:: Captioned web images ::
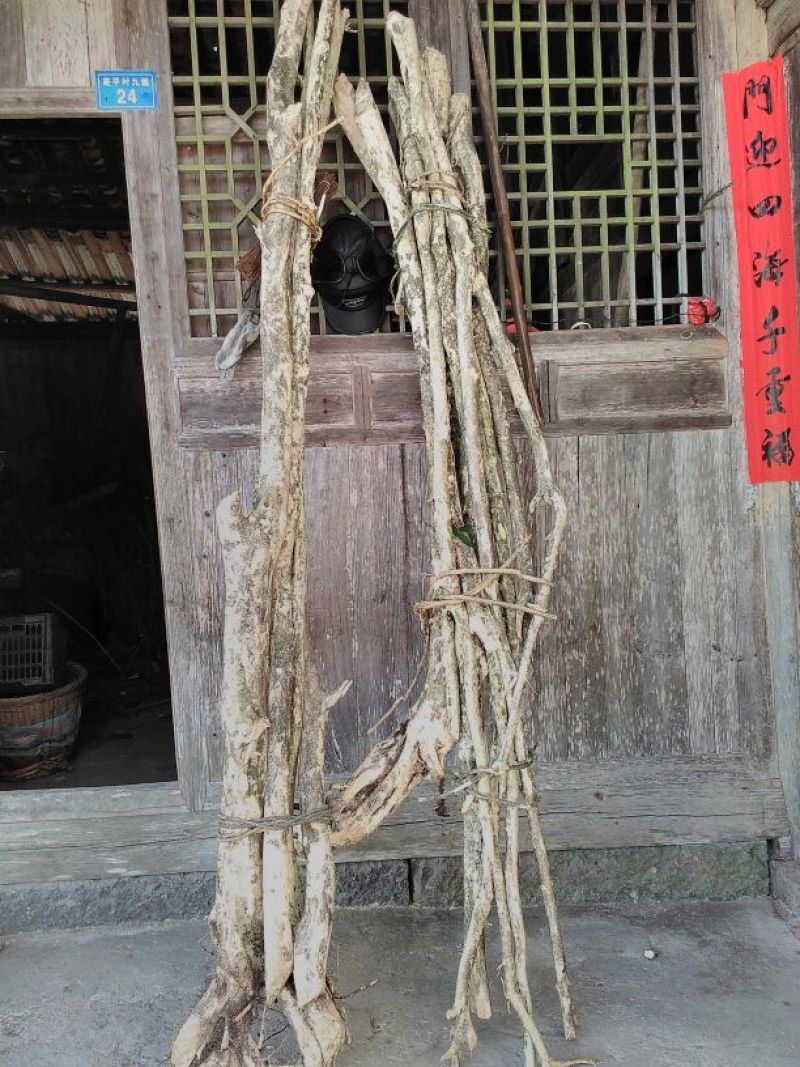 小叶黄杨14~16cm6~8cm1.5~2米
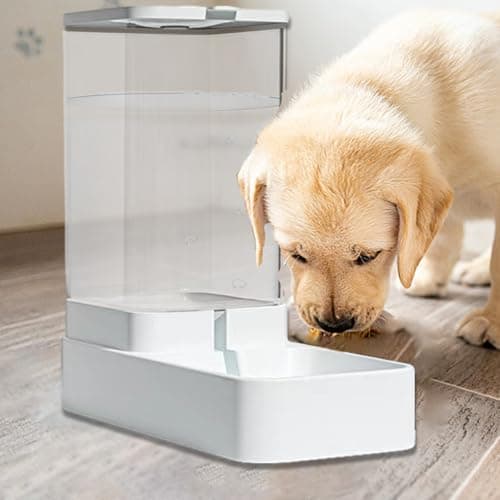 Distributeur Automatique De Croquettes pour Chiens et Chatons | Station Alimentation Voyage Intérieur, Anti-Étouffement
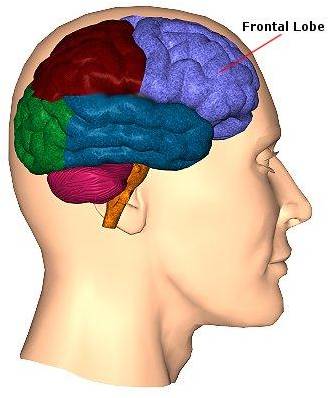 GAMBAR OTAK FRONTAL LOBE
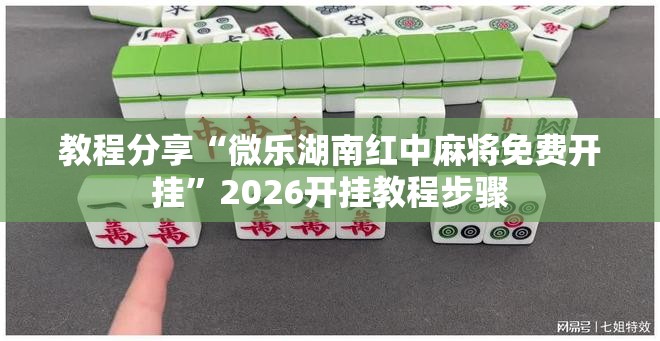 教程分享“微乐湖南红中麻将免费开挂”2026开挂教程步骤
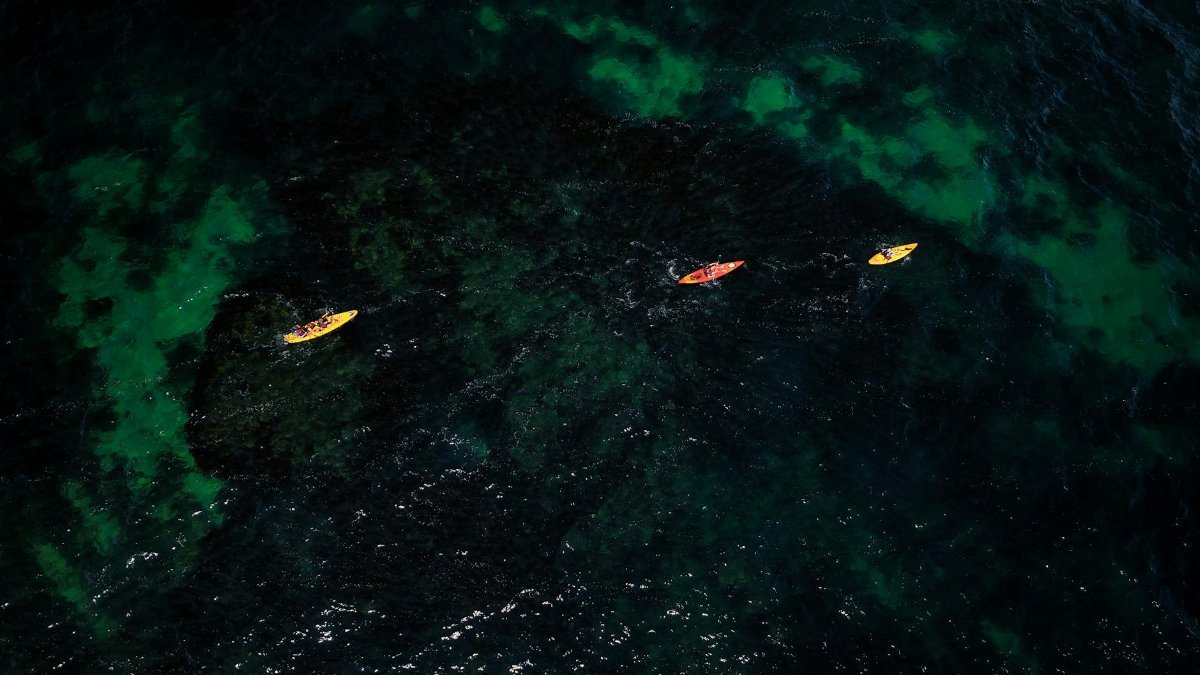 Aerial image of three kayakers navigating through dark green waters in the UK.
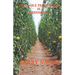 Vegetable Production in Greenhouses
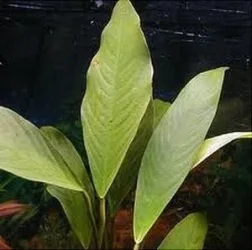 anubias-lanceolatal-300x298.webp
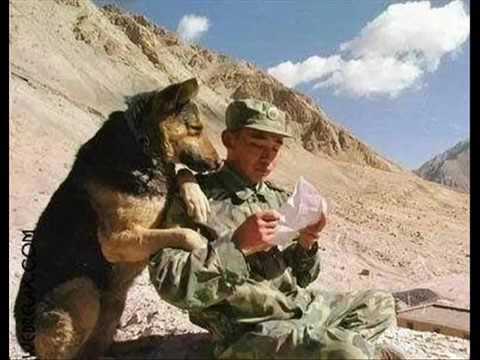 ASKER MEKTUBU KUFURLU 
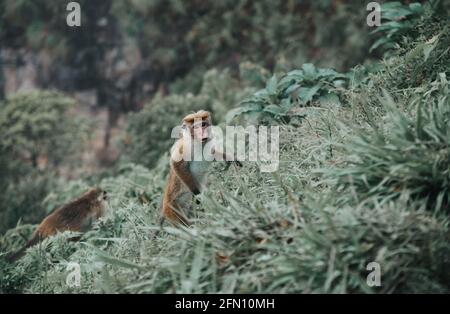 Toque macaque steht zwei Fuß an einem steilen Hang in einem Regenwald, eine Affenschar klettert auf die Spitze des Berges Stockfoto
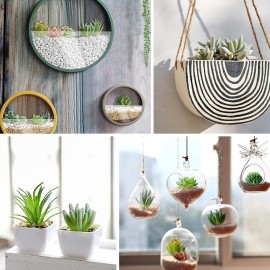 HappyHapi 12 Pcs Artificial Succulents Mini Fake Plants Unpotted Faux Succulent for Craft, Small Plastic Succulents Assortment in Flocked Green Floral Decor for Party, Cake, Garden & Outdoor HappyHapi 12 Pcs Artificial Succulents Mini Fake Plants Unpotted Faux Succulent for Craft, Small Plastic Succulents Assortment in Flocked Green Floral Decor for Party, Cake, Garden & Outdoor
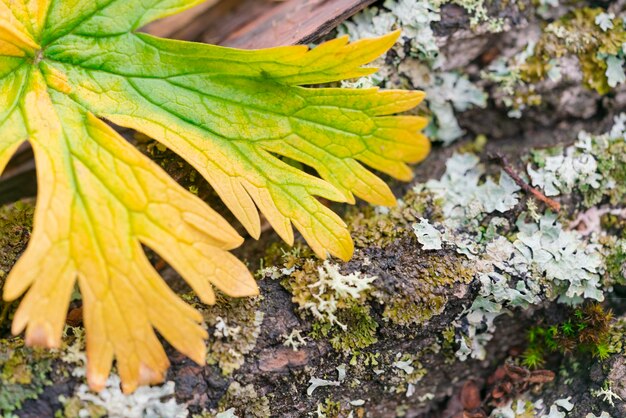 苔のある丸太の黄色と緑の葉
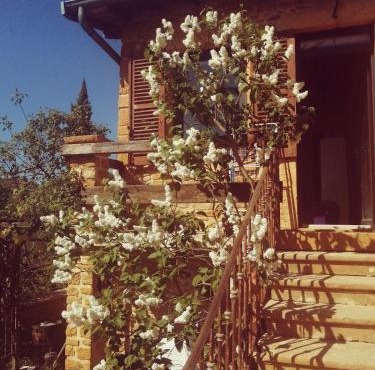 Une evasion dans les Pierres Dorées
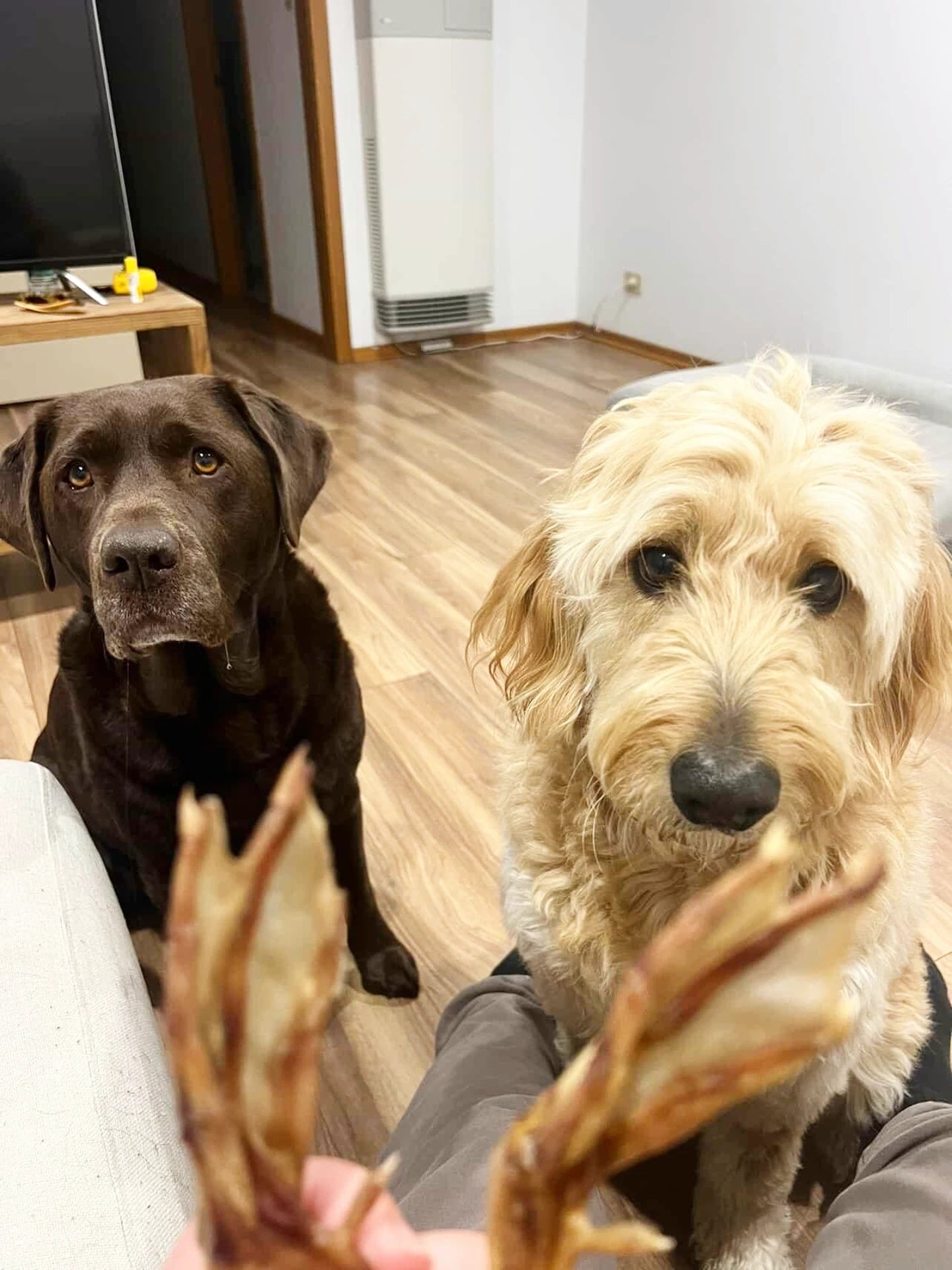 Duck feet dog treats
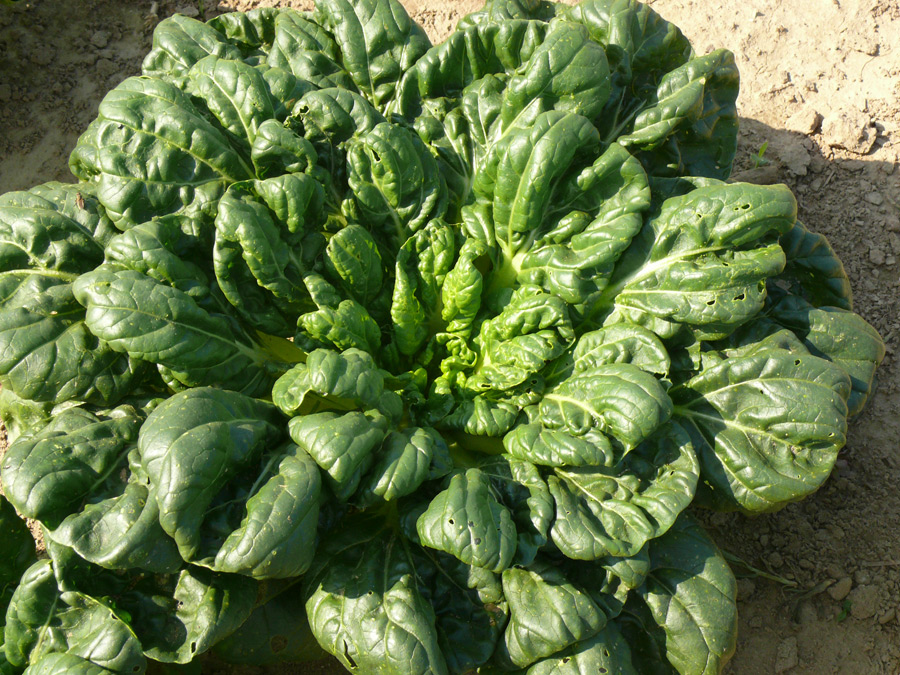 Chinese Tsai - Chinese cabbage tah 6pk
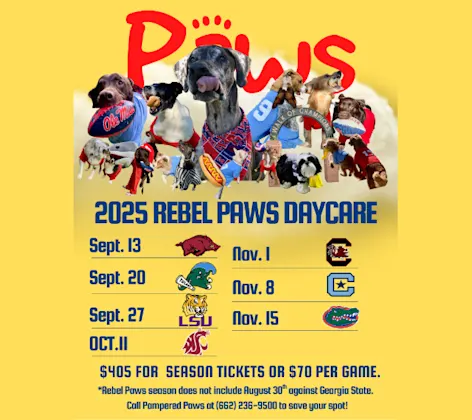 Rebel Paws Daycare 2025 at Pampered Paws Animal Hospital Rebel Paws Daycare 2025 at Pampered Paws Animal Hospital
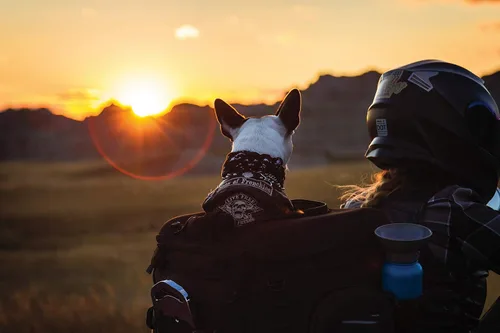 Vista 14 de Kuryakyn 5288 Grand Pet Palace: Transportador portátil resistente al clima para mascotas de motocicleta/gato/perro para portaequipajes o asiento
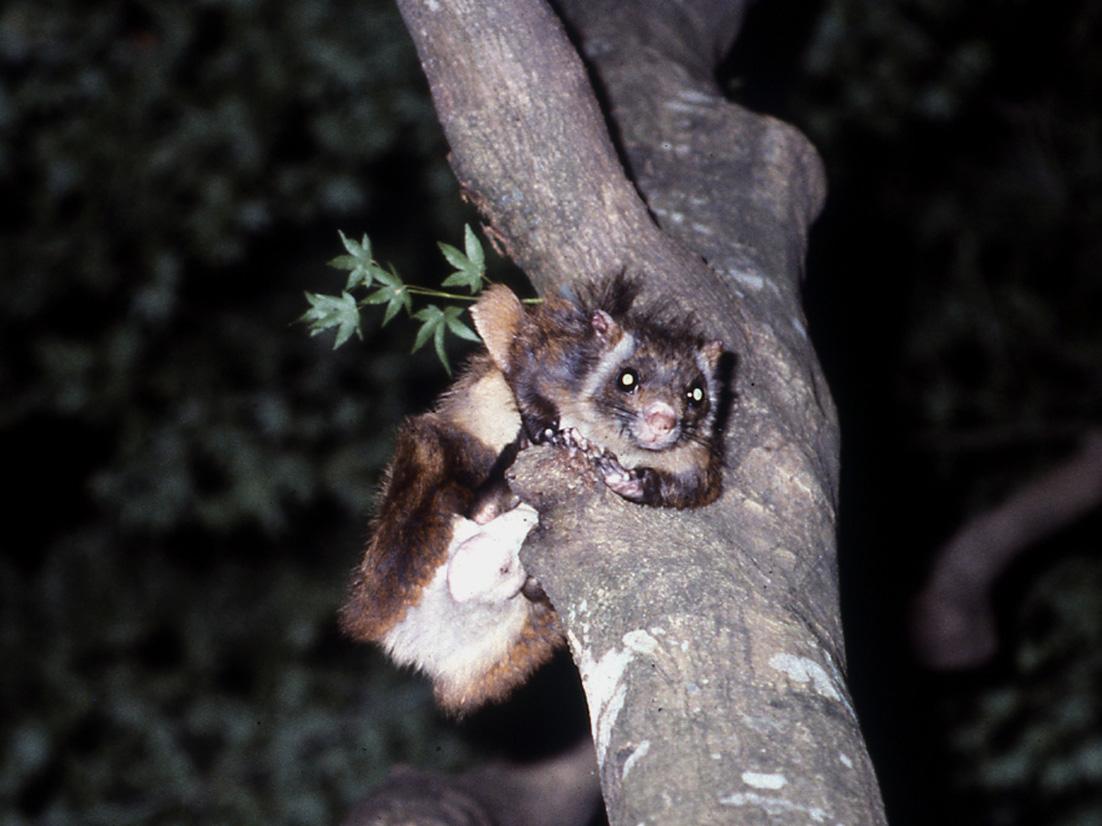 Japanese giant flying squirrel (Petaurista leucogenys)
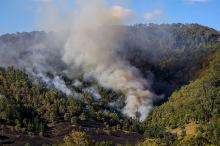 Incendios forestales
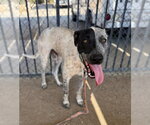 Small #1 Great Dane Mix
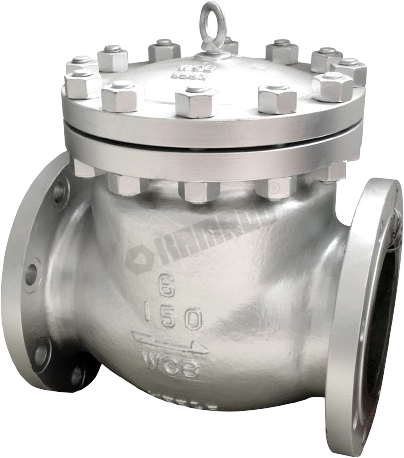 Swing Check Valve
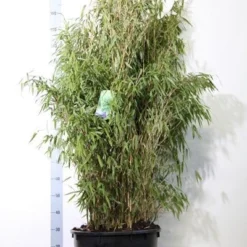 Niet Woekerende Bamboe (Fargesia Murieliae 'Simba') -Essentie Groen Verkoop fargesia mur. simba 125 150 cm co. 40l 1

:: Required action ::
Without the pictures, repeat exactly the lines running from the line containing "Vista 14 de" through the end of the data, both ends included.

:: Task answer ::
 Vista 14 de Kuryakyn 5288 Grand Pet Palace: Transportador portátil resistente al clima para mascotas de motocicleta/gato/perro para portaequipajes o asiento
 Japanese giant flying squirrel (Petaurista leucogenys)
 Incendios forestales
 Small #1 Great Dane Mix
 Swing Check Valve
 Niet Woekerende Bamboe (Fargesia Murieliae 'Simba') -Essentie Groen Verkoop fargesia mur. simba 125 150 cm co. 40l 1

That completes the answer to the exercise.